Each of these people have demonstrated, in his or her own way, the zen of Tableau.
Selecting a Tableau Zen Master
Tableau Zen Masters are nominated by our Tableau community and our team members. Zen Masters are selected for one year based on their contributions from the previous year.
What does it take to become a Tableau Zen Master? We look for people who excel in the following categories:
- Have they shown a deep understanding of how Tableau works? This can apply to all aspects of Tableau’s products. They might create beautiful dashboards on Tableau Public, maintain Tableau Server, write Web Data Connectors, or run a Tableau Centre of Excellence.
- Do they develop innovative, effective new ways to use Tableau?
- Do they help others be better Tableau users?
- Are their answers to questions correct and clear?
- Are they Tableau evangelists who share our mission? Also, are they confident to constructively tell us when we get things wrong?
- Do we find them engaging with others on our Community Forums, Tableau User Groups, Tableau Public, Twitter, and elsewhere?
- Do they contribute useful, popular ideas on our Ideas Forum?
- Do they share tips and tricks that even our brightest developers hadn’t considered?

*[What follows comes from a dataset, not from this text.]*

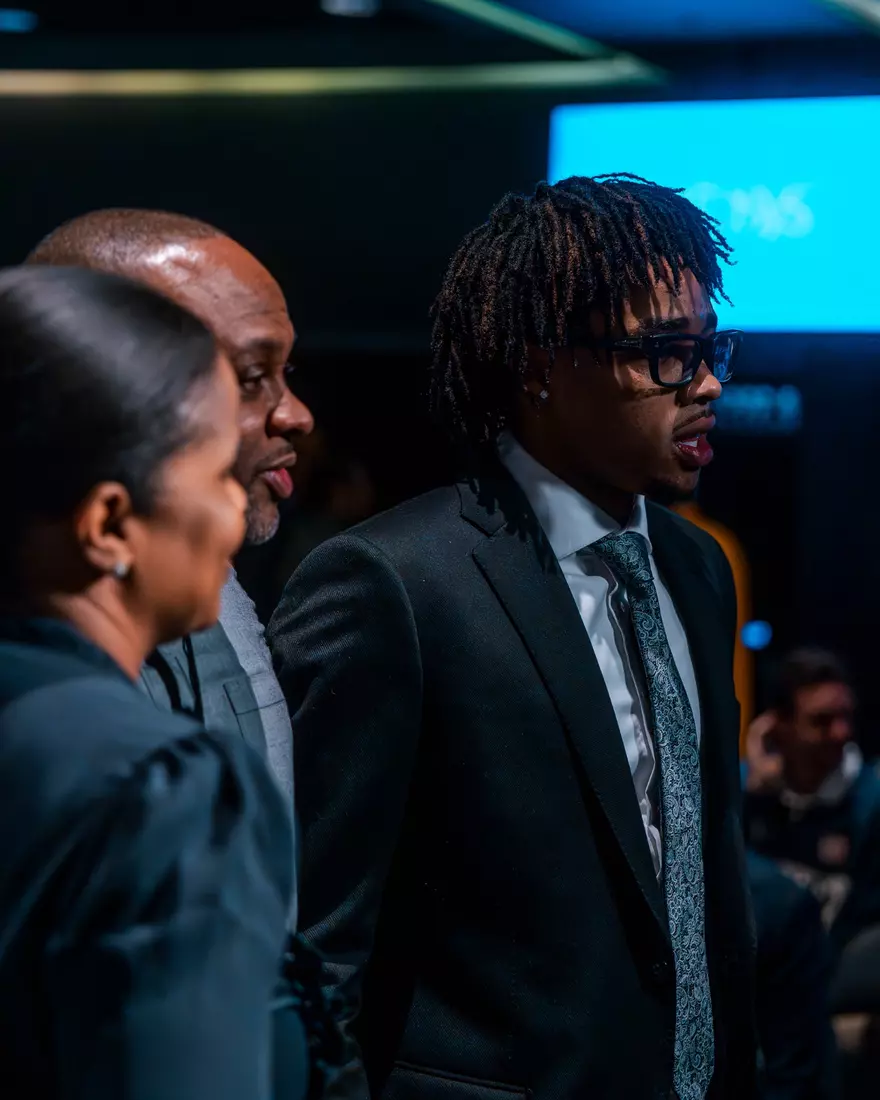 BIG EAST Awards Ceremony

- Do they add to the community by offering help to people of all expertise levels?
- Do they help bring Tableau and its mission to new communities and geographies?
Current Tableau Zen Masters
Few people are pushing Tableau visual design as far as Adam. His designs are beautiful and inspiring. Not only that, the beauty is not used just for the sake of it. He combines technical mastery with beauty to make engaging dashboards. His Beatles viz broke into the mainstream and was featured in media around the world. He is a regular speaker at events, works with the Tableau Foundation, and helps our dev team build the future products.

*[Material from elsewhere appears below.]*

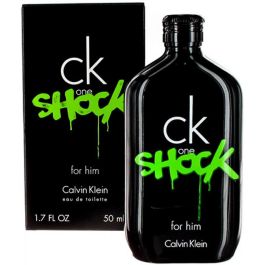 Calvin Klein Ck Shock For Him Eau De Toilette Vaporizador 200 mL Oriental Especiado Hombre Precio: 27.50000033. SKU: S8301081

There might not be anyone in the community doing work as advanced as Allan right now. Responsive dashboards? Animations on Tableau Public? Device-specific dashboards using just CSS? Check. They may not be tricks we all need to use, but this level of mastery, developed through extensive collaboration across the community, shows true mastery of the product.
Andy Kriebel is one of the most prolific Tableau bloggers on the planet. He uses his expertise to help all levels of Tableau users, whether they are beginners or advanced. He’s been helping people improve their visualization skills for years, and this year’s #MakeoverMonday project has been one of the biggest social data projects of the year.

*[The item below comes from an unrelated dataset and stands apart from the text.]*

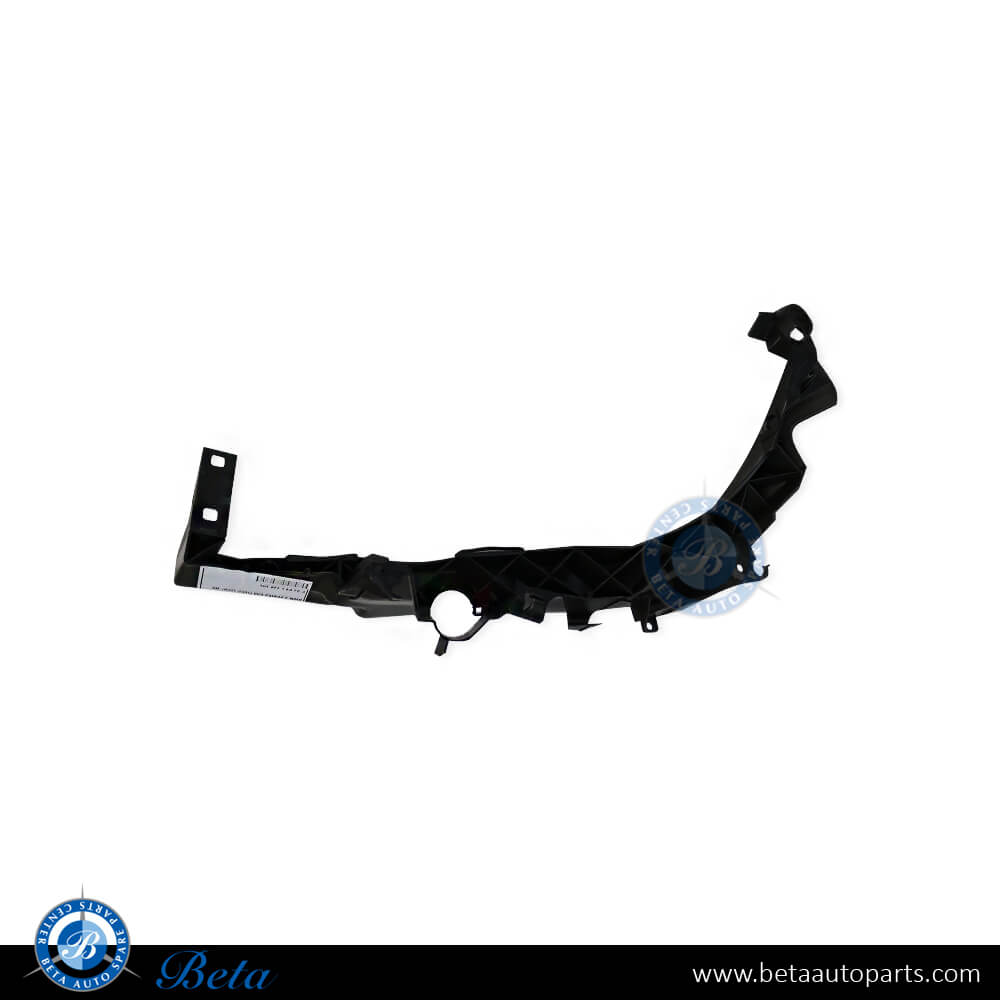 Left Side Headlamp Bracket for BMW 3 Series E90 2005-2008 models, Part Number 51647116707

Anya is one of our behind-the-scenes Tableau wizards. You may know her work on the projects such as War Games, but it’s in the background where Anya shines. Anya has been instrumental in skill development for the Tableau Foundation. Not only has she done amazing work for non-profits and charities herself, she has enabled and encouraged others to do the same also, such as in her work for Data + Women.
Bridget sees Tableau in a fresh and inspiring way. Effective data communication is more than just putting some charts on a dashboard. There are many more things to consider: layout, color, annotations, etc. Bridget holds our hands and gives us great ideas about how to turn a good visualization into an engaging one.
Web: Tableau Fit
Brit combines an incredible eye for design with a drive to nurture and amplify others in the community. Since attending Tableau Conference last year, she’s started her own blog, kicked off the Data Dare project, and shared her skills across her community. Brit works tirelessly behind the scenes to educate others through Tableau User Groups and Women in Data meetups. Her Airbnb viz was the basis for some amazing work on the touch experience by Tableau's dev team—work not yet released that we hope you will see in the next year.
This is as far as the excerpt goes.